China reasserts its claims in regional disputes, pushes rivals’ limits
The Hindu
China's aggressive tactics in disputed territories aim to weaken rivals and expand control, risking regional conflict, analysts warn.
China’s campaign of confrontation, from remote reefs in Southeast Asia to Taiwan and far-flung Japanese islands, is designed to wear down regional rivals competing with it for contested territories, analysts say.
Beijing in recent years has asserted its claims in the long-running disputes far more boldly as its military strength has grown.
The escalating actions -- over islands in the East China Sea claimed by Japan, the self-ruled territory of Taiwan and the South China Sea -- have also come as Beijing’s rivals have drawn closer to the United States.

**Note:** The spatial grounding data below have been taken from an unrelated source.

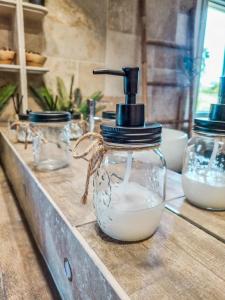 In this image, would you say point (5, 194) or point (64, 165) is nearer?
point (64, 165)

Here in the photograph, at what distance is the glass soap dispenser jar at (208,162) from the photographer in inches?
12.4

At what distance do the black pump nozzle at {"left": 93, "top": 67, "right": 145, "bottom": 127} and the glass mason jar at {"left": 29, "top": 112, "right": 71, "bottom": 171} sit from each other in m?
0.25

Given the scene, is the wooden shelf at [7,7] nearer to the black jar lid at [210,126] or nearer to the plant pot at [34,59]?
the plant pot at [34,59]

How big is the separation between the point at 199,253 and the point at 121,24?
4.96ft

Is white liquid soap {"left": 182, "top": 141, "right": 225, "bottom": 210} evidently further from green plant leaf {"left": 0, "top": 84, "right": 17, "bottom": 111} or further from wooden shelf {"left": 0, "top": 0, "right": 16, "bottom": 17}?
wooden shelf {"left": 0, "top": 0, "right": 16, "bottom": 17}

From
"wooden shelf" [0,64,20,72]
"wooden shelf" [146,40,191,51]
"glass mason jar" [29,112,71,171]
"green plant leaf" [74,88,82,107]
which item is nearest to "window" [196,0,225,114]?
"wooden shelf" [146,40,191,51]

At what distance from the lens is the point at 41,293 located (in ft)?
1.12

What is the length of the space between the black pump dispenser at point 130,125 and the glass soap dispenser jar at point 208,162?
0.34 ft

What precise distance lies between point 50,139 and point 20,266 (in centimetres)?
30

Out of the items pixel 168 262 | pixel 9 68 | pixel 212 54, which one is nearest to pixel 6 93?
pixel 9 68

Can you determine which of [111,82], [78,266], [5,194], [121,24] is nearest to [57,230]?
[78,266]

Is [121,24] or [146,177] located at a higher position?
[121,24]

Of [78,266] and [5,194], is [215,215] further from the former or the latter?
[5,194]

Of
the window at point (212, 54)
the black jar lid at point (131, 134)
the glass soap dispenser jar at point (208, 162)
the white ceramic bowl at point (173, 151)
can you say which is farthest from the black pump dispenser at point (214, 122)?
the window at point (212, 54) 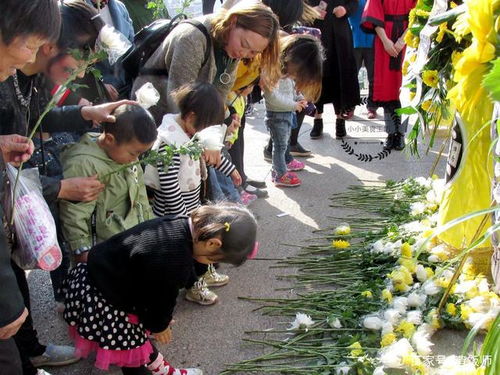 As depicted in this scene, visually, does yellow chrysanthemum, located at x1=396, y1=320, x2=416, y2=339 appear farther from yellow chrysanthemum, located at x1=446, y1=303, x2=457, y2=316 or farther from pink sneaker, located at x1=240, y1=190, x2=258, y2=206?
pink sneaker, located at x1=240, y1=190, x2=258, y2=206

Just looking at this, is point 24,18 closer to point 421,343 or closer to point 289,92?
point 421,343

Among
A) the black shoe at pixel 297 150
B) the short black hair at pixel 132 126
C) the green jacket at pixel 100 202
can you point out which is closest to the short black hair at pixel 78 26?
the short black hair at pixel 132 126

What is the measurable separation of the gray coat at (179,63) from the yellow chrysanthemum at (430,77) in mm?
1105

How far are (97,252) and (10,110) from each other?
2.11 ft

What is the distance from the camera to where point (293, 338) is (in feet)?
8.03

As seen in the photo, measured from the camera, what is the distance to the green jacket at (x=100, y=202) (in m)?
2.33

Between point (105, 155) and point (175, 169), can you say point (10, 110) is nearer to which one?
point (105, 155)

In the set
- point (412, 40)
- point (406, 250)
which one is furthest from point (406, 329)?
point (412, 40)

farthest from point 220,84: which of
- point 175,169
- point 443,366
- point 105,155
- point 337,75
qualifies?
point 337,75

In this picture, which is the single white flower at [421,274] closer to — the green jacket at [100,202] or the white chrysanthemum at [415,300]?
the white chrysanthemum at [415,300]

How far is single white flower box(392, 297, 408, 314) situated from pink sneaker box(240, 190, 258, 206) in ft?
5.87

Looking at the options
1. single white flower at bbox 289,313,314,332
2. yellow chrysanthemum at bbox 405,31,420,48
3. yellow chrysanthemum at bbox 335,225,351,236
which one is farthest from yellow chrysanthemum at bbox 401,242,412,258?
yellow chrysanthemum at bbox 405,31,420,48

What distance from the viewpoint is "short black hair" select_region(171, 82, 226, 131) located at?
104 inches

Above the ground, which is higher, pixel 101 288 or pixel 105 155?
pixel 105 155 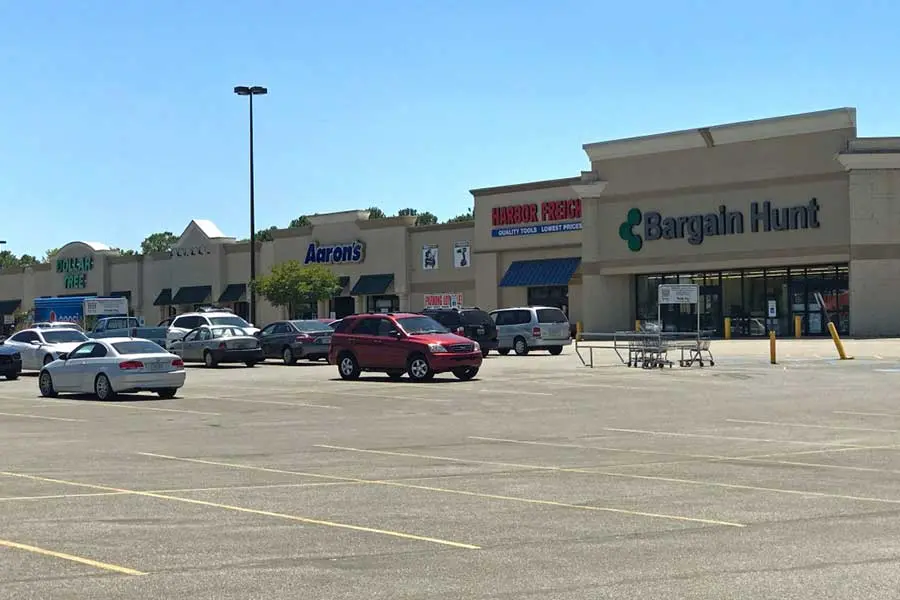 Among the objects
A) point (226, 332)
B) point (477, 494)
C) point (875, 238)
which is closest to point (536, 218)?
point (875, 238)

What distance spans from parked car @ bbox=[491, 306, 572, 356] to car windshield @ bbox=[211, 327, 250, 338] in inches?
358

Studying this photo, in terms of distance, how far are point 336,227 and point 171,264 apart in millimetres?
16587

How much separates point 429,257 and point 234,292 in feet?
56.9

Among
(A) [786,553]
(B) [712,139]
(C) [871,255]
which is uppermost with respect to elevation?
(B) [712,139]

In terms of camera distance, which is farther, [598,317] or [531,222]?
[531,222]

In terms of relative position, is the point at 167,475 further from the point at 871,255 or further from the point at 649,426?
the point at 871,255

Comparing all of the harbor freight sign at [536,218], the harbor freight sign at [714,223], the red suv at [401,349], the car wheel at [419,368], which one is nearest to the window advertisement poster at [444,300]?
the harbor freight sign at [536,218]

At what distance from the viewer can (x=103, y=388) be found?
25.9 meters

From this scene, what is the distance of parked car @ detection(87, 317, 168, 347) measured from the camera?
148 ft

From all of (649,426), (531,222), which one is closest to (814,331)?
(531,222)

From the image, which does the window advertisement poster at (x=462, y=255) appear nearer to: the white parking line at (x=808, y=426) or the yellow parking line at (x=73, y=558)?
the white parking line at (x=808, y=426)

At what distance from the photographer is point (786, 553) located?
335 inches

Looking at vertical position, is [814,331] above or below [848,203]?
below

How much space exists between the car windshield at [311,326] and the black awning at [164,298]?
45.7 metres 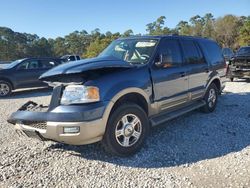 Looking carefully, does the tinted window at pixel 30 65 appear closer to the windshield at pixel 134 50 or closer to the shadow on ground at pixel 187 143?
the windshield at pixel 134 50

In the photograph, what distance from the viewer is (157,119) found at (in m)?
5.12

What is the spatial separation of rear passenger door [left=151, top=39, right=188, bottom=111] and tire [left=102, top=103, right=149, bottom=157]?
60 cm

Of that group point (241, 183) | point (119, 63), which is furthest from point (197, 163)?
point (119, 63)

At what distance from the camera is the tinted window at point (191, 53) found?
612cm

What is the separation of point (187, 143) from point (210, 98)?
2.46 meters

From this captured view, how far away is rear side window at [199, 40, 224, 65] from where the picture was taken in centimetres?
709

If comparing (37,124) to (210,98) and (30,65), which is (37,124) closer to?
(210,98)

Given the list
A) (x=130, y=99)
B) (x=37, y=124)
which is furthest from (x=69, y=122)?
(x=130, y=99)

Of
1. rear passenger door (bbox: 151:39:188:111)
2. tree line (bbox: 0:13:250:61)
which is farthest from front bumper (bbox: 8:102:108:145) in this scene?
tree line (bbox: 0:13:250:61)

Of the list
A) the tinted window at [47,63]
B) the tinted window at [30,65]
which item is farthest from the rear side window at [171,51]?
the tinted window at [47,63]

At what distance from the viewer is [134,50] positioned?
545cm

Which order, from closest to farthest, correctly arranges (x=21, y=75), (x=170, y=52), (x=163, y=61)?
(x=163, y=61)
(x=170, y=52)
(x=21, y=75)

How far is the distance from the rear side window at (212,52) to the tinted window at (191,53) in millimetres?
396

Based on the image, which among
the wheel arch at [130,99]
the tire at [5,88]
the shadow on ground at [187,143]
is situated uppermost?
the wheel arch at [130,99] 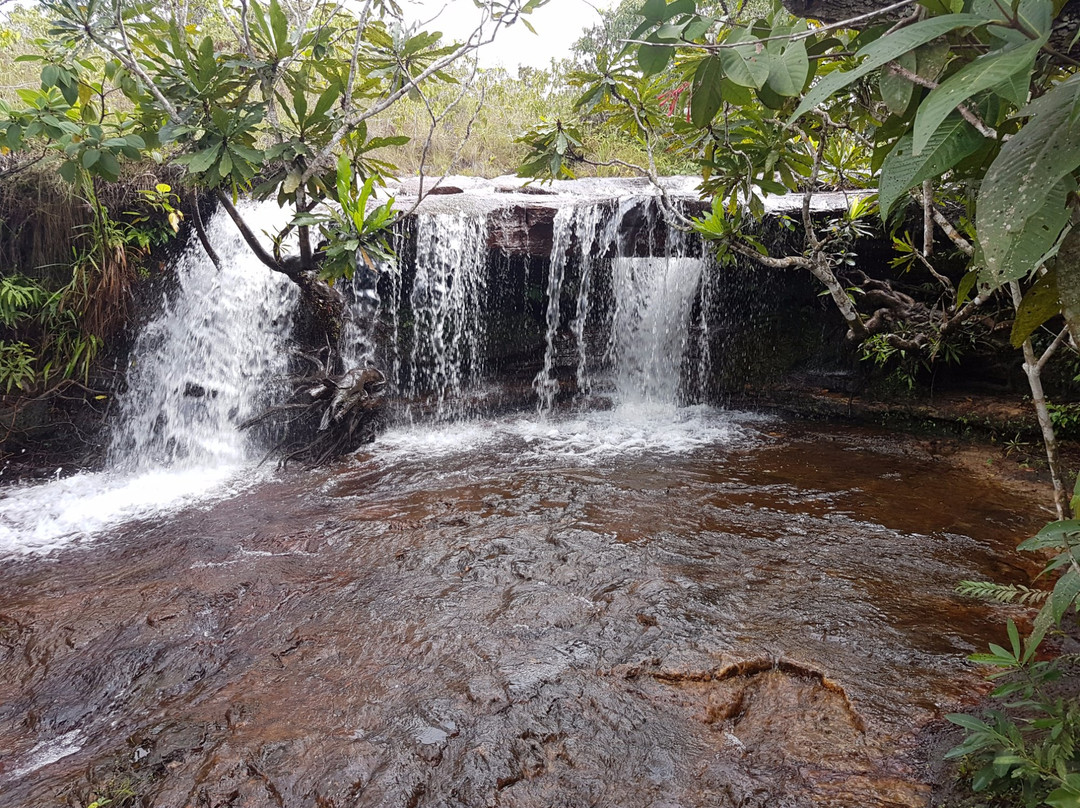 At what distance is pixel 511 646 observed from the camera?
2.31m

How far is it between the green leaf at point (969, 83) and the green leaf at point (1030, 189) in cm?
7

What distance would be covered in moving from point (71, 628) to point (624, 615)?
237cm

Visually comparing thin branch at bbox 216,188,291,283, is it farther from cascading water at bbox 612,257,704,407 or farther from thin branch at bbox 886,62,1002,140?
thin branch at bbox 886,62,1002,140

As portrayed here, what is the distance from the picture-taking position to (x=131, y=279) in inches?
200

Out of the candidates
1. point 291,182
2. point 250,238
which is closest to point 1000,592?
point 291,182

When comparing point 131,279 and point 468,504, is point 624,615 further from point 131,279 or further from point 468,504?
point 131,279

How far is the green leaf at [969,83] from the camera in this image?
0.76 meters

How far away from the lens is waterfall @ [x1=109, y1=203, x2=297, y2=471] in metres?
5.06

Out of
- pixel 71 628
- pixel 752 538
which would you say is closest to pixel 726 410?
pixel 752 538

“(China) believes its strong-arm tactics are paying dividends,” Duan Dang, a Vietnam-based maritime security analyst, told AFP.
China has in recent months deployed military and coast guard vessels in a bid to eject the Philippines from a trio of strategically important reefs and islands in the South China Sea.
“The number of fronts where an accident could spiral suddenly is very real,” Dylan Loh, an assistant professor at Singapore’s Nanyang Technological University, told AFP.
The latest flashpoint is Sabina Shoal, just 140 kilometres (86 miles) west of the Philippine island of Palawan and roughly 1,200 kilometres from China’s nearest major landmass, the island of Hainan.